Jeffrey Green

Jeffrey is a historian
based south of London

094: Charles Dickens, Fagin and Henry Murphy, 1834

The Times (London), 14 January 1834

Victorian writers who mention people of African descent in England include novelists Thackeray and Trollope, and it has long been known that Charles Darwin was taught bird-stuffing in 1820s Edinburgh by John Edmonstone from British Guiana (now Guyana). Studying back copies of The Times revealed that in 1834, when Charles Dickens was a journalist in London, aged 22, an interesting item was noticed.

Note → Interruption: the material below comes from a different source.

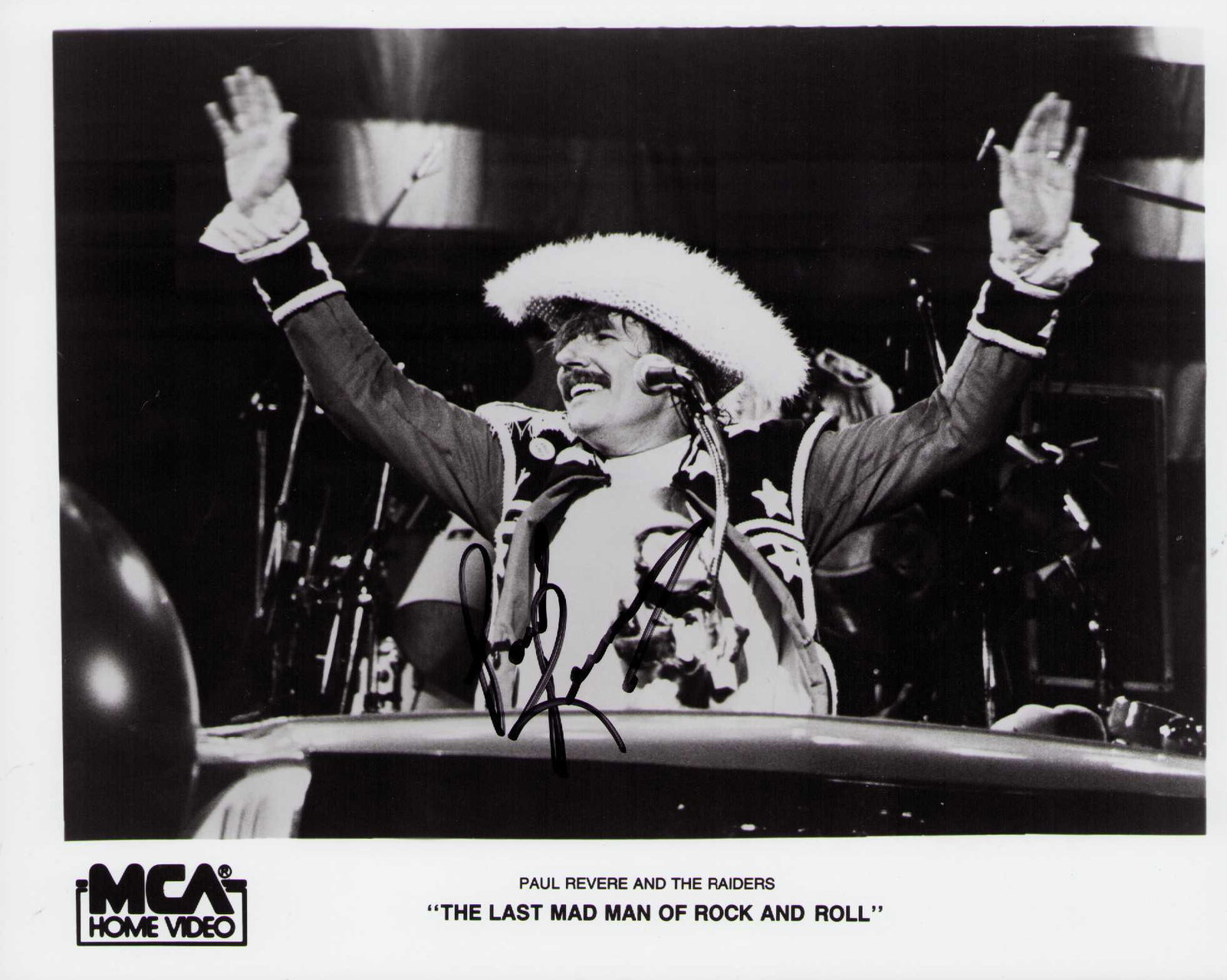 Paul Revere signed photograph (1 of 1)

Henry Murphy, ‘a black man’ aged about 60 had appeared at Bow Street court on 13 January 1834 charged with keeping a place for runaway children where they were compelled to ‘rob and beg for their suppers’. His ‘copper-coloured’ son John was also charged. Henry Murphy was surely an inspiration for Fagin in Dickens’s Oliver Twist of 1838: and his son was the Artful Dodger?

Dickens had an uncle who worked for The Times and it was suggested back in 1933 that he may have contributed to the newspaper a century before, in a period when parliament was in recess for Dickens worked as a parliamentary reporter in London.

Dickens scholars may have their own views, but the 1834 cutting (above) shows two African-descent Londoners — in that strange almost mystical period when there were ‘almost no blacks in Britain itself in the mid-nineteenth century’ (Ronald Hyam, Britain’s Imperial Century, 1815-1914, Macmillan, 1993, page 155).

My recent research (some on other pages of this site) shows that Henry and John Murphy were not unusual although their impact on Dickens may have been.